En décembre, accompagné de son ami Eötvös, il eut à Vienne une longue conférence particulière avec l’empereur. Il en emporta sans doute la conviction qu’une entente était possible, car à son retour en Hongrie il changea complètement d’attitude, et après douze ans d’abstention absolue il rentra dans la vie publique avec décision et activité. Le moment d’agir lui semblait venu. On s’occupait de la réorganisation judiciaire des comitats et de la réforme de la législation hongroise. Il intervint dans cette élaboration avec sa modération et sa fermeté habituelles. D’une part, il n’admit point les exigences des radicaux, mais d’autre part il repoussa énergiquement le droit pénal et la législation sur la presse de l’Autriche comme contraire aux lois hongroises et au régime constitutionnel. La ville de Pesth répondit par une adresse au rescrit royal du 16 janvier 1861. Ce fut encore Deák qui la rédigea dans l’esprit d’opposition légale qui était le sien.

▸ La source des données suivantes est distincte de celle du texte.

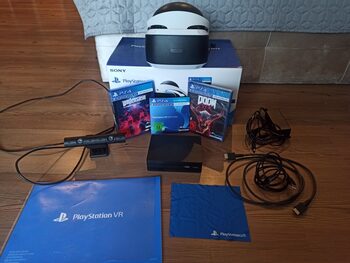 Ps 4 virtualios realybės akiniai v2 (VR akiniai) + kamera v2 + 2 VR žaidimai!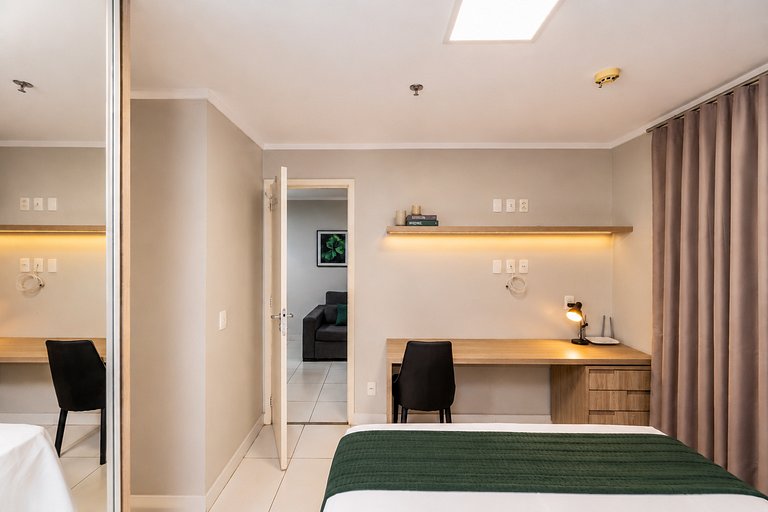 Apartamento | Rooftop | 5 min Shopping Flamboyant | Goiânia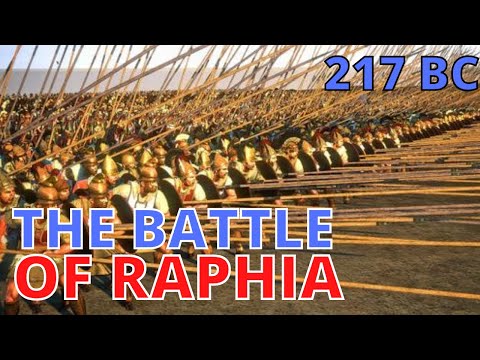 THE BATTLE OF RAPHIA [217 BC] - RTR Imperium Surrectum - Rome Total War Remastered Scenario Battle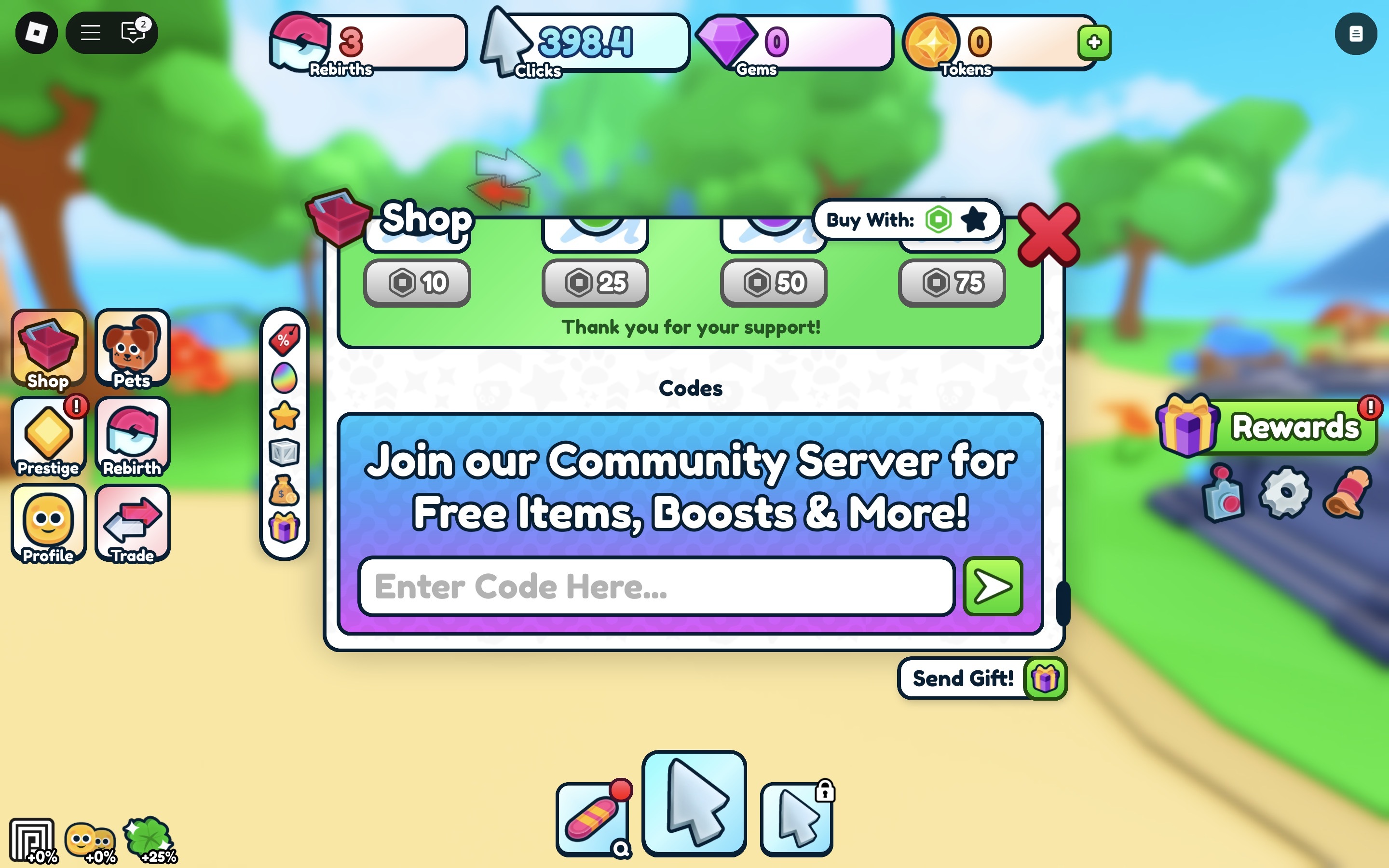 Redeem Codes In Rebirth Champions Ultimate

Les élections pour la diète eurent lieu conformément à la loi électorale de 1848. C’était déjà une première concession. Deák fut élu le 11 mars 1861 par la ville de Pesth. Dès les premiers jours, on put prévoir le rôle prédominant qu’il allait jouer. La méfiance pour tout ce qui émanait de Vienne, l’hostilité contre le gouvernement, étaient si grandes qu’un conflit s’éleva avant même l’ouverture de la diète. Une loi de 1848 avait décidé qu’à l’avenir cette assemblée se réunirait à Pesth. Le ministère, probablement pour marquer la prééminence de la couronne, crut devoir convoquer la diète à Bude, où se trouve le palais du souverain. Les députés se réunirent pour délibérer sur le parti à prendre. Les modérés proposèrent de se rendre d’abord à la séance solennelle d’ouverture à Bude, puis de se transporter à Pesth pour y tenir les séances ordinaires. Cette transaction ne satisfit point les députés de la gauche. Dès l’abord, ils voulaient contraindre le gouvernement à respecter l’œuvre de 1848 tout entière. Sur ce point, ils n’admettaient aucune concession, même pour une simple formalité. Ils proposaient de déclarer traître à la patrie tout député qui assisterait à la séance d’ouverture à Bude. Deák se leva et déclara que, quoique dévoué aux lois de 1848 et peu amateur des cérémonies officielles, il se rendrait à Bude, dût-il être tout seul. L’opposition avancée avait la majorité; néanmoins ce fut la proposition du parti modéré qui fut suivie. Deák avait eu le courage de dire et la gauche le bon sens de faire ce qui était raisonnable.